Normally I'd use Adder_Subtractor_Binary modules, but here we know all numbers are unsigned and of the same width, no carry in/out is needed, and wrap-around is expected and desired. There are no corner-cases. So let the CAD tool synthesize the math here.
reg [TAP_COUNTER_WIDTH-1:0] tap_p_next = TAP_ZERO;
reg [TAP_COUNTER_WIDTH-1:0] tap_n_next = TAP_ZERO;
reg [TAP_COUNTER_WIDTH-1:0] tap_aligned = TAP_ZERO;
always @(*) begin
tap_p_next = tap_p_current + TAP_ONE;
tap_n_next = tap_n_current + TAP_ONE;
tap_aligned = tap_p_current - (stable_tap_count >> 1) - (TAP_OFFSET [TAP_COUNTER_WIDTH-1:0] - TAP_TWO);
end
State Logic
localparam STATE_WIDTH = 2;
localparam [STATE_WIDTH-1:0] STATE_IDLE = 'd0;
localparam [STATE_WIDTH-1:0] STATE_FIND_FIRST = 'd1;
localparam [STATE_WIDTH-1:0] STATE_THRU_FIRST = 'd2;
localparam [STATE_WIDTH-1:0] STATE_FIND_SECOND = 'd3;
wire [STATE_WIDTH-1:0] state;
reg [STATE_WIDTH-1:0] state_next = STATE_IDLE;
Register
#(
.WORD_WIDTH (STATE_WIDTH),
.RESET_VALUE (STATE_IDLE)
)
state_reg
(
.clock (clk_parallel),
.clock_enable (1'b1),
.clear (reset_parallel),
.data_in (state_next),
.data_out (state)
);
Datapath Transformations
wire all_taps_stable; // See Pulse_Divider below. Pulses high when all 2**TAP_COUNTER_WIDTH taps have been tried without a transition found.

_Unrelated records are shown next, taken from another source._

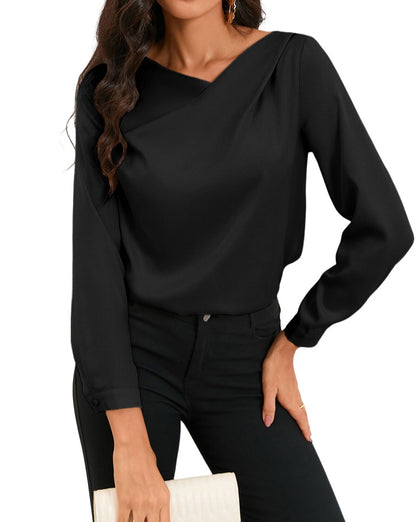 Satin Asymmetrical V-Neck Blouse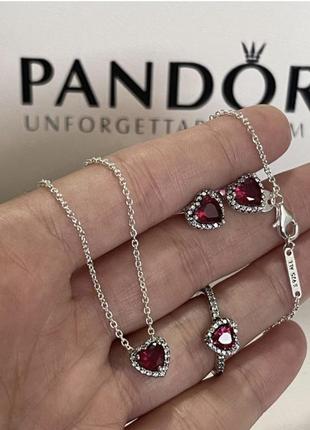 Комплект pandora набор серьги, кольца, подвеска❤️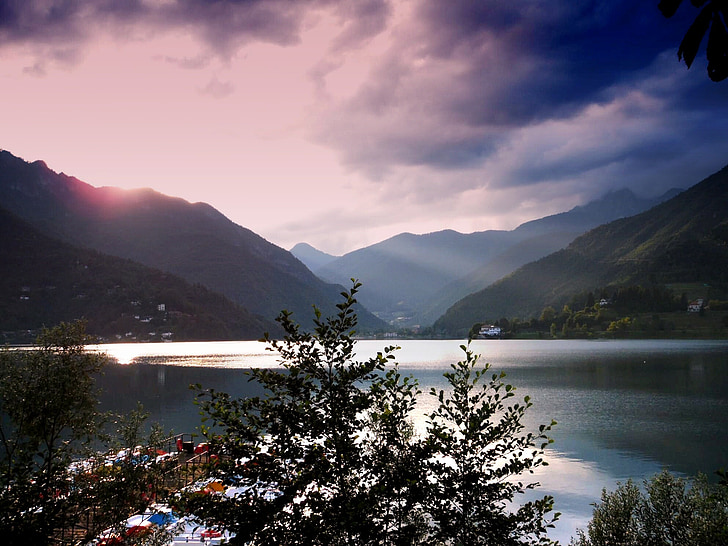 l'aigua, muntanyes, natura, Itàlia, arbre, Ledro, paisatge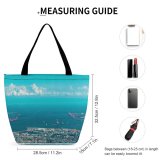 Yanfind Shopping Bag for Ladies Harbor Port Ocean Dock Pier Waterfront Outdoors Landscape Scenery Coast Shoreline City Reusable Multipurpose Heavy Duty Grocery Bag for Outdoors.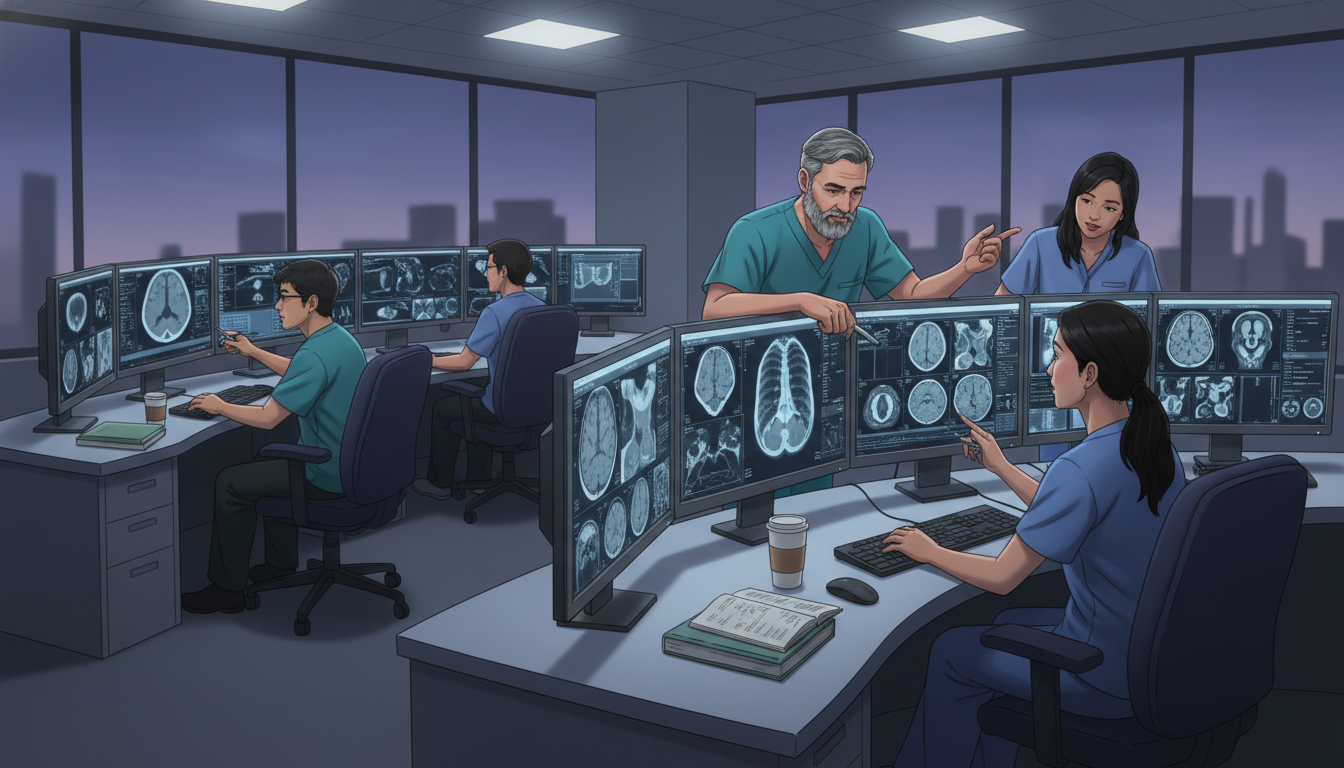 International radiology resident reviewing imaging in reading room - non-US citizen IMG for Common Interview Questions for No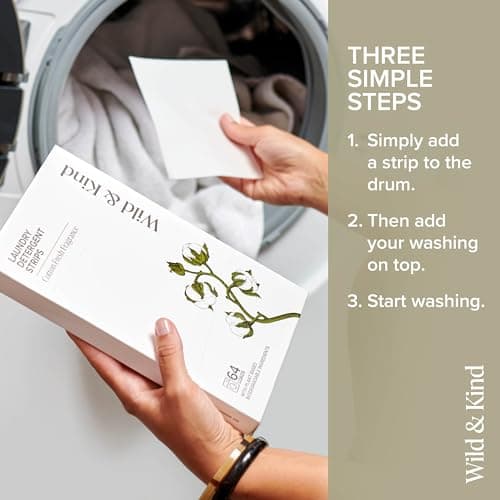 Wild & Kind Laundry Detergent Strips Sheets 64 loads Eco Ultra-Concentrated Non-Bio Cotton Fresh Scent for Machine and Hand Washing — view 3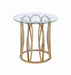 Monett Round End Table Chocolate Chrome and Clear - U&U Home Budget Furniture (Carteret, NJ)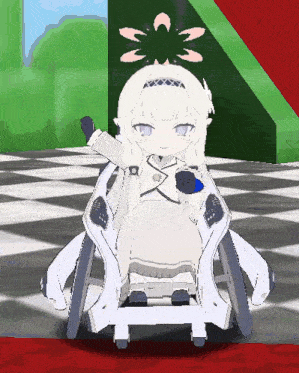 a cartoon character is sitting in a wheelchair with a flower on her head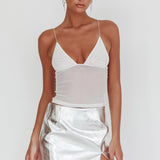 Namrata PU Mini Skirt Silver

reg init_taps = 1'b0; // Load both P and N IDELAY with the start delay tap values: P is 0 and N is TAP_OFFSET.
reg init_find_first = 1'b0; // Starting from a stable area, start looking for the start of the first data transition.
reg init_thru_first = 1'b0; // Starting from a transition area, start looking for the end of that first data transition area.
reg finding_first = 1'b0; // Currently in stable area, keep incrementing taps.
reg none_first = 1'b0; // From inside a stable area, reach the end of possible taps because there is NO transition area (perfect P/N alignment)
reg found_first = 1'b0; // From inside a stable area, found the start of the first data transition.
reg exiting_first = 1'b0; // Currently in a transition area, keep incrementing taps.
reg exited_first = 1'b0; // From inside the first transition area, found the start of the stable area. This is one end of the eye.
reg finding_second = 1'b0; // Currently in stable area, keep incrementing taps.
reg none_second = 1'b0; // From inside a stable area, reach the end of possible taps because there is NO transition area (perfect P/N alignment)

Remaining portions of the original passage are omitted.